Project: Workshops and a new free immersive show and installation: ‘The Fairy Tale Forest’, at Thorngrove Garden Centre Gillingham in Dec 2022. Will involve disabled participants, students and volunteers.
Grant: £4,500
Area of benefit: Gillingham
We carried out five weekly workshops with students and staff from Employ My Ability (EMA). The workshops involved creating props and costumes for the production, writing a song, rehearsing choreography, and producing characters for the performances.
We also carried out four evening workshops with community volunteers to upskill them in performance, create costumes, singing, and costume design.
We engaged the services of a professional musician and theatre maker, Mark Stevenson, to come to work with EMA to create an original song which was then mixed and recorded as well as sung live in the performances.
Professional designer, Tish Mantripp, carried out making workshops at EMA guiding the students and staff to create their own:
- wired head dresses
- stick gnomes
- tree decorations
- vintage style book page decorations
- toadstool wood logs
- willow arches
- and other decorations for The Fairy Tale Forest
There were 15 public performances of The Fairy Tale Forest, each lasting between 60 to 90 minutes long. At every performance we had participants including members of staff from Thorngrove, students and day service users from EMA and community volunteers from Gillingham and the surrounding areas.
Five inclusive creative workshops were delivered with 25 students and day service users at EMA with learning disabilities and special educational needs and disabilities (SEND).

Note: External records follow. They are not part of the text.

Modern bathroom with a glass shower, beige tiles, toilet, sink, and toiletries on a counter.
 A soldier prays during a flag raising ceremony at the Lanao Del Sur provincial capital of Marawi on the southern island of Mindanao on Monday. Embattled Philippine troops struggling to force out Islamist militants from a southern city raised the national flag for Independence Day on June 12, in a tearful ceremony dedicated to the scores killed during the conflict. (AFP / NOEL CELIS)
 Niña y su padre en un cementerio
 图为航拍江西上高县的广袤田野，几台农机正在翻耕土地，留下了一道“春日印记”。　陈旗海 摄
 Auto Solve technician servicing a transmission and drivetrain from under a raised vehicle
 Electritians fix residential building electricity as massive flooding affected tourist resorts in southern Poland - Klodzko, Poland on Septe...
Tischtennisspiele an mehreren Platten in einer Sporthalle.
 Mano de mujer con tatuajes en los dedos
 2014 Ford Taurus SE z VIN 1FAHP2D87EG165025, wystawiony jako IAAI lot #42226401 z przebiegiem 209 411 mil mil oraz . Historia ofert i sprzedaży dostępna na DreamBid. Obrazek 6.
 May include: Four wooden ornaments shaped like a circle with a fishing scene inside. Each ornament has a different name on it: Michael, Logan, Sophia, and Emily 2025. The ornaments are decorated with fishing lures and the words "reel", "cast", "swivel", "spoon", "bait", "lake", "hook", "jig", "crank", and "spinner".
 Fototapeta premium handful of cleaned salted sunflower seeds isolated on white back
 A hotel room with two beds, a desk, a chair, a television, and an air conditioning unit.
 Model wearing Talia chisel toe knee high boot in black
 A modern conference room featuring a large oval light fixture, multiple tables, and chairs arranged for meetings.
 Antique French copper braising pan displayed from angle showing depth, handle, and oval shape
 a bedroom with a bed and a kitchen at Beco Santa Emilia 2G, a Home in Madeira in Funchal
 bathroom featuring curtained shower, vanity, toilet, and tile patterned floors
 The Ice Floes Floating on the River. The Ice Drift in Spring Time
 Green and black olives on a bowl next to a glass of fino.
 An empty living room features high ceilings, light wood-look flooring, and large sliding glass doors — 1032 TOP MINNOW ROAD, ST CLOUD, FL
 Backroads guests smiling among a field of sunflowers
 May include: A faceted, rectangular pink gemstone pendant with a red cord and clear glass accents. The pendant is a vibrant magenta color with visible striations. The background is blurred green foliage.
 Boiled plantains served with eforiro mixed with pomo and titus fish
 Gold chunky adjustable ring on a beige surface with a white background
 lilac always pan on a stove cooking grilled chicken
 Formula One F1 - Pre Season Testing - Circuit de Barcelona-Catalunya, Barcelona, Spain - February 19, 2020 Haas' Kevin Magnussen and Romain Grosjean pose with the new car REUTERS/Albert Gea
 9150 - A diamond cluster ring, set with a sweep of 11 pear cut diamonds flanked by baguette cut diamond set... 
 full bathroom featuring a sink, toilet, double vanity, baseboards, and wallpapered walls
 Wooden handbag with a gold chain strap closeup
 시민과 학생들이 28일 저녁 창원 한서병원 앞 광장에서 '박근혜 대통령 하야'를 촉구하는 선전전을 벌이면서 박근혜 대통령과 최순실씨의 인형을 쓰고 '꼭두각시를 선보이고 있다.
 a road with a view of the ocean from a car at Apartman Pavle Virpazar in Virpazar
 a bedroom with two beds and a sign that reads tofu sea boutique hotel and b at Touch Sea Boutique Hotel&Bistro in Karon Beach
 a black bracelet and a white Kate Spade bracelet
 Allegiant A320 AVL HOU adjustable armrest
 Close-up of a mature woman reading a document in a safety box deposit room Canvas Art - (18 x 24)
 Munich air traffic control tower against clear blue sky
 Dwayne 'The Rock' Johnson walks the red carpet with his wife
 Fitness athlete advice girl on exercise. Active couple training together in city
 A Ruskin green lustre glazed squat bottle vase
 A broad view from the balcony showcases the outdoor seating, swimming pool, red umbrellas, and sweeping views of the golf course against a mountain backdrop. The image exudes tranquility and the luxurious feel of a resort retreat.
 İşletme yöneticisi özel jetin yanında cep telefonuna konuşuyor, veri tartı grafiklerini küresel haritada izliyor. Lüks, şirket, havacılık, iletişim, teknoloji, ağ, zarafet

We employed 11 freelancers and ten community volunteers, aged between 14 and 76, performing in the forest whom we carried out four evening drama workshops with.
Five people from the community volunteered to make decorative craft items for the forest.
Over 1800 people of all ages visited the Fairy Tale Forest.
Half of the Christmas trees used were given to local people who came to collect them in time for Christmas once the de-rig of the forest commenced on 22 December.
Much of the material used for the forest such as toadstool logs, woodchip and willow was repurposed / reused.
We worked closely with staff and students and day service users at EMA to ensure that the project was accessible for both participants and audiences.
Song sheets were produced with large text and “InPrint” pictorial symbols to aid learning for participants.
Participants from EMA represent disabilities including:
- wheelchair users
- limited mobility
- deaf
- neuro diversity
- visually impaired
- learning disabilities
and all were able to participate.
BSL and Makaton signs were incorporated into the dance choreography. All the pathways in the forest were tested for wheelchair accessibility.
Further information on the project can be found at The Fairy Tale Forest – Angel Exit Theatre webpage.
Quotes
"So much time and effort was put into this wonderful event. Every detail was appreciated, and I take my hat off to everyone that made it possible. It looked stunning. Brilliant entertainment and magical memories my boys and I will always have." Audience member, The Spring.